Problem to solve: Below are records with pictures; copy word for word only the lines between the line with "Gallery image thumbnail" and the line with "von_poll_real_estate_property_ES253185345_image_10", inclusive, and drop the pictures.

━━━ Task inputs ━━━

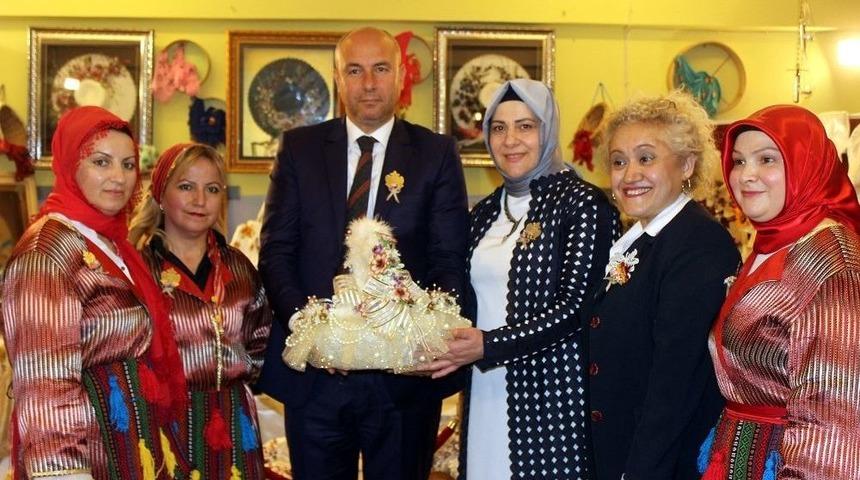 Tekkek&ouml;y&rsquo;de El Emeği G&ouml;z Nuru &Uuml;r&uuml;nler Sergilendi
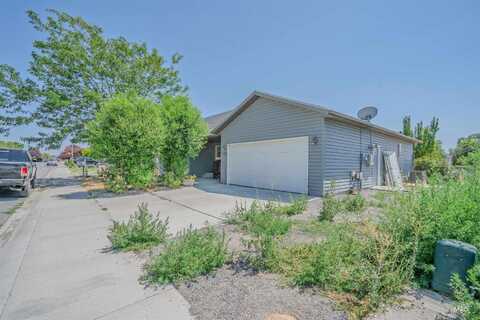 1309 Lauren Ln, Filer, ID 83328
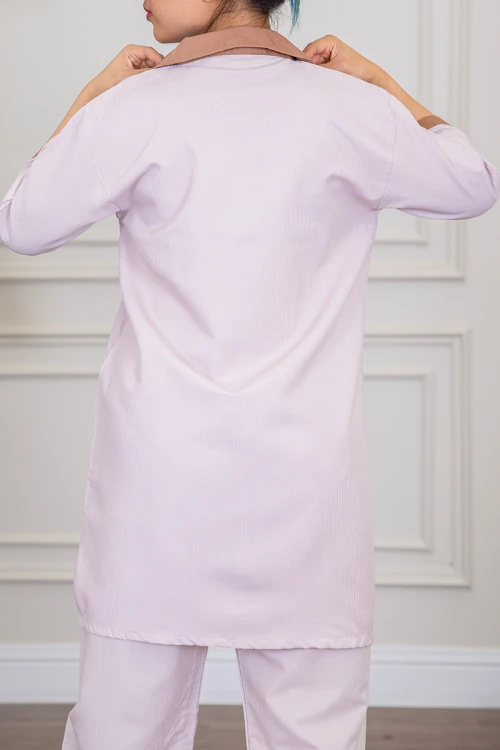 زي عاملة منزلية قطعتين مخطط متعدد الألوان قميص طويل بياقة قصة سبعة و سحاب قصير و جيوب من الأمام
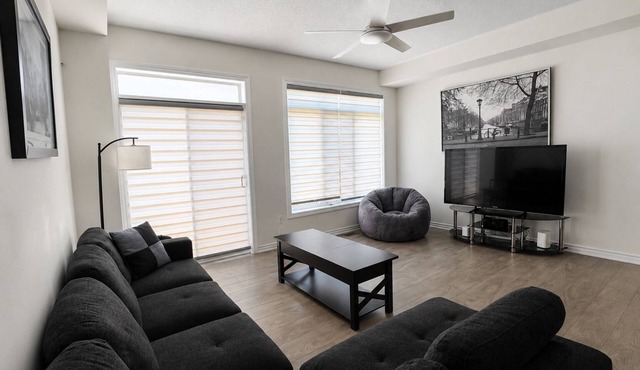Cozy & Modern 2BR Smart Home—Minutes to Innisfil Beach Park, Shops & Restaurants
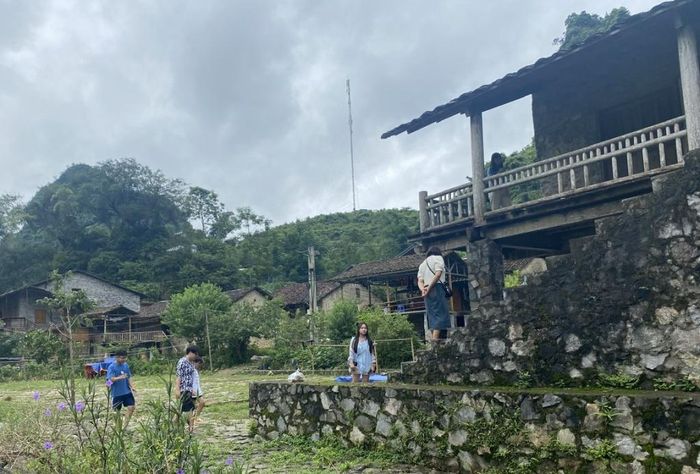 Du khách tìm hiểu, trải nghiệm tại Làng đá Khuổi Ky, xã Đàm Thủy với những trải nghiệm chân thực về văn hóa, con người và tập quán địa phương để lại dấu ấn sâu sắc.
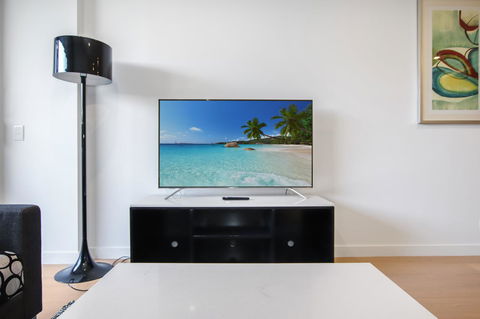 DD Apartments At International Convention Centre - eAccommodation 19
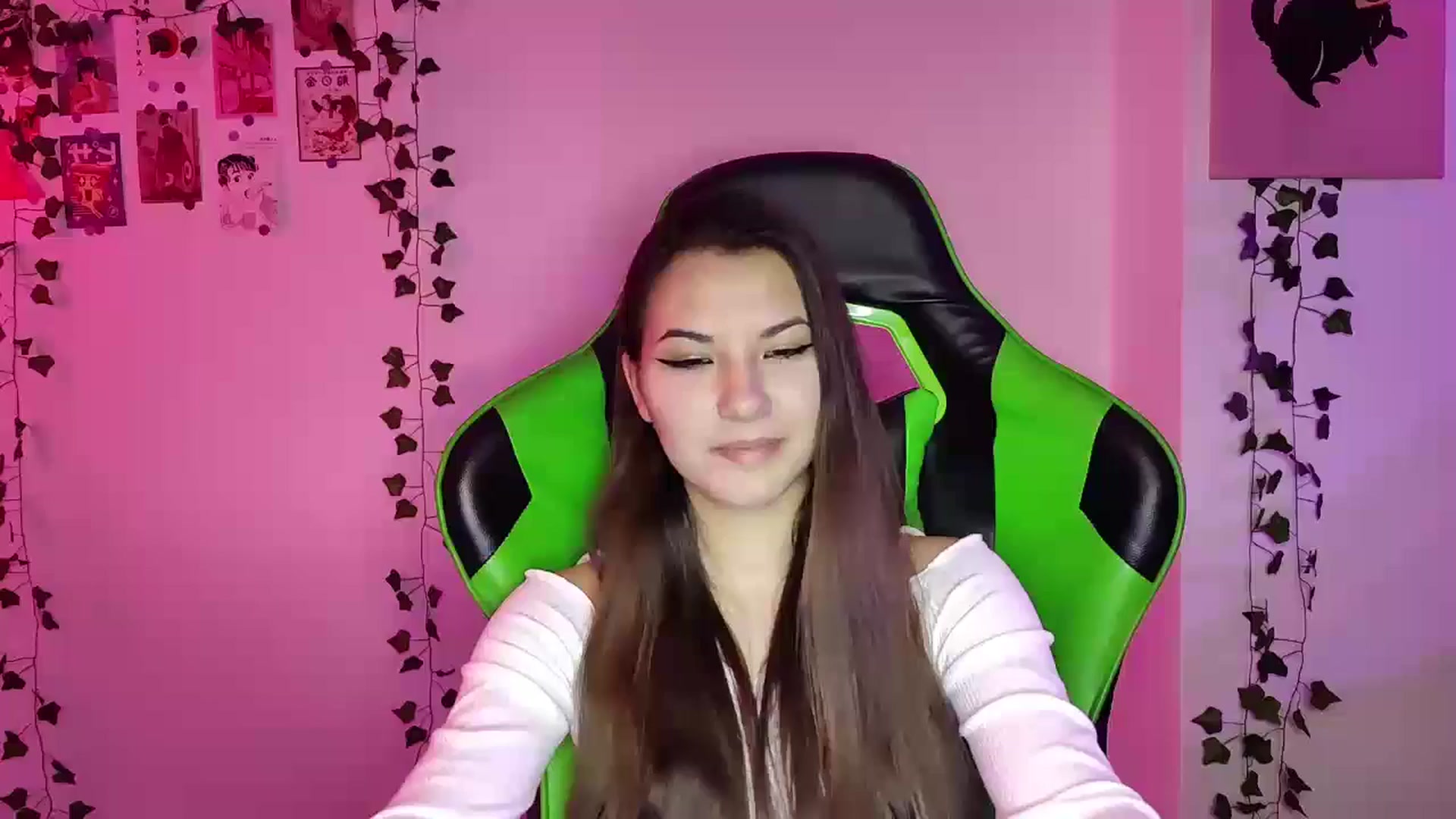 Gallery image thumbnail from AmnesiaGirl1's myfreecams stream on, 05/17/2024, 20:53 image 1 of 20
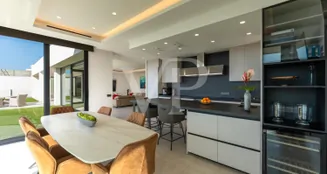 von_poll_real_estate_property_ES253185345_image_10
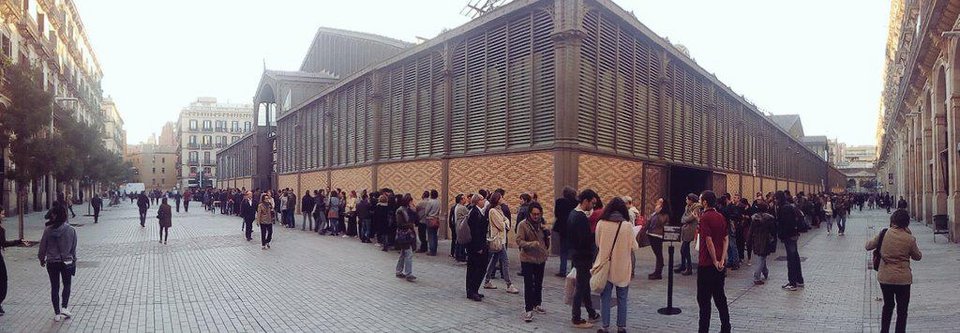 Χαμός στη Βαρκελώνη με τον Βαρουφάκη: Ουρές «πιστών» που περίμεναν να τον ακούσουν [εικόνες] | iefimerida.gr 4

━━━

Answer to this exercise:
 Gallery image thumbnail from AmnesiaGirl1's myfreecams stream on, 05/17/2024, 20:53 image 1 of 20
 von_poll_real_estate_property_ES253185345_image_10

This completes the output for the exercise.